Want to learn more about what psychological safety is?
Read our dedicated blog post here.
3. The importance of measuring
Joanne Lockwood, Founder and CEO of SEE Change Happen, spearheaded this point: “what doesn’t get measured, doesn’t get done.” In any initiative to create safe spaces, you have to build this into the process. Whether it’s particular expectations with executives and teams, contracts or specifics outputs, you must track and measure the results to get an accurate overview of proceedings. And involve leaders in these processes too so they can fully understand what their impact is. The companies who are succeeding on this front make this a priority. “They understand what’s going on,” Joanne tells us, “they have a pulse of the organization and a playbook on what their journey is. Great companies show a tangible return.”
4. Don’t forget about education
As Joanna Fennell, VP, Global HR Business Partner at Flex, told us: “education is critical.” Often, organizations will think they’re creating an inclusive environment but because we all view the world through such different lenses, this may not actually be the case. “We need to understand what other people’s lived experiences are in order to comprehend difference.” This stems from education. And it must be active learning.
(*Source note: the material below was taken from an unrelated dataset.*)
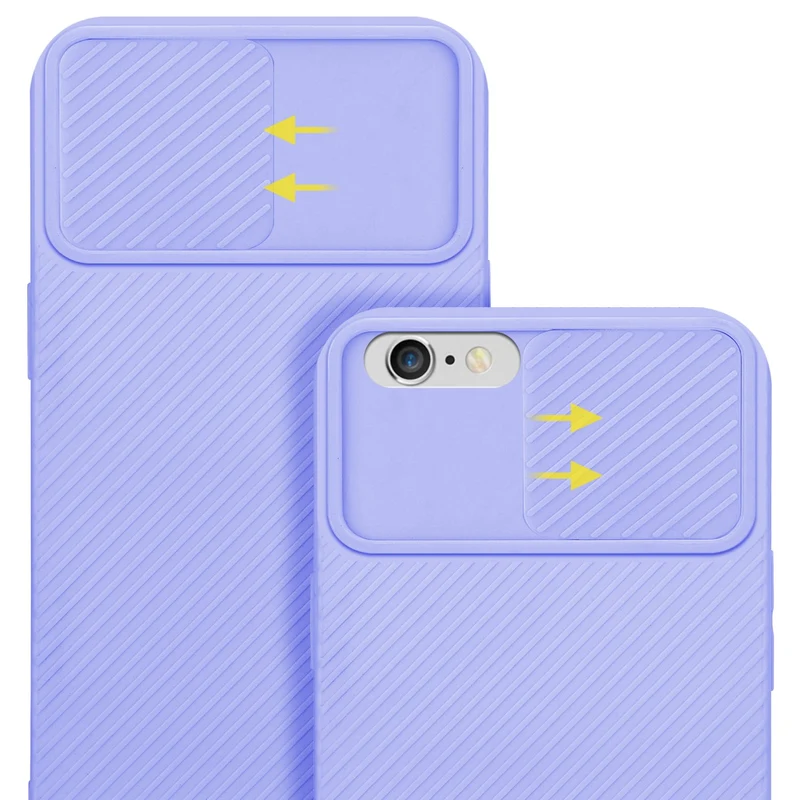Cadorabo Hülle kompatibel mit Apple iPhone 6 PLUS / 6S PLUS TPU Silikon Case Cover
So whether there’s measurable, individual goals around it or group dialogues, this all encourages more perspective and can aid in the creation of a safer work environment.
5. Teaching leaders to be accountable
Leaders have to become more accountable. But as Joanne Lockwood argues, this needs to be backed up with:
- Learning how to become a more supportive leader
We haven’t invested in leadership training in the way we have in other areas. And this is a mistake. Salma El-Wardany made the point that often there is an expectation that leaders just know everything, but often they have just evolved into the role without much guidance. So if psychological safety is to be made a priority, leaders must be sufficiently culturally conscious, have a working knowledge of DEI and be emotionally skilled. This then allows accountability and understanding to flourish.
6. Learn how to disagree well
It’s an oxymoron, but learning how to disagree well is a fundamental component of psychological safety. When talking about the work he does, Joe explained that he often focuses on some of the most difficult truths employees at all levels must communicate. He listed a few:
- Disagreeing with each other
- Sharing bad news
- Asking for help
- Admitting failure
- Sharing an idea
These are all potentially very risky topics, yet they’re also incredibly important. But if it’s not safe for these conversations to be had, they simply won’t happen. So let’s take disagreements for example, generally there are no written guidelines on how to disagree with someone in a company. There are no best practices or things to avoid. Joe advocates for organizations to start here. It’s an easy way to start building safety as it affects everyone. Having written instruction in this area can also help create traction in other areas and spur on more dialogue and action.
7. Become an interrupter
In the spirit of creating safer spaces, Hallam Sargeant, the Chief Inclusion and Diversity Officer at Avanade, wants everyone to be an interrupter. He says that: “sometimes we’re waiting for an executive or an aspirational role model to lead and I think the more we can step up and be interrupters, the more we can build psychological safety.” Everyone can be an inclusion and diversity leader, it doesn’t just sit with HR or specific teams. The more we can normalize having uncomfortable conversations in the open, the faster we normalize the topics of discussion too. He mentioned that in Avanade, for example, they’re encouraging more conversations around anti-semetic behavior, Islamophobia, violence against Asian-Americans, mental health, bullying and menopause in the workplace. The aim is to create an open ecosystem where inclusion becomes everyone’s job and there is license to talk about it.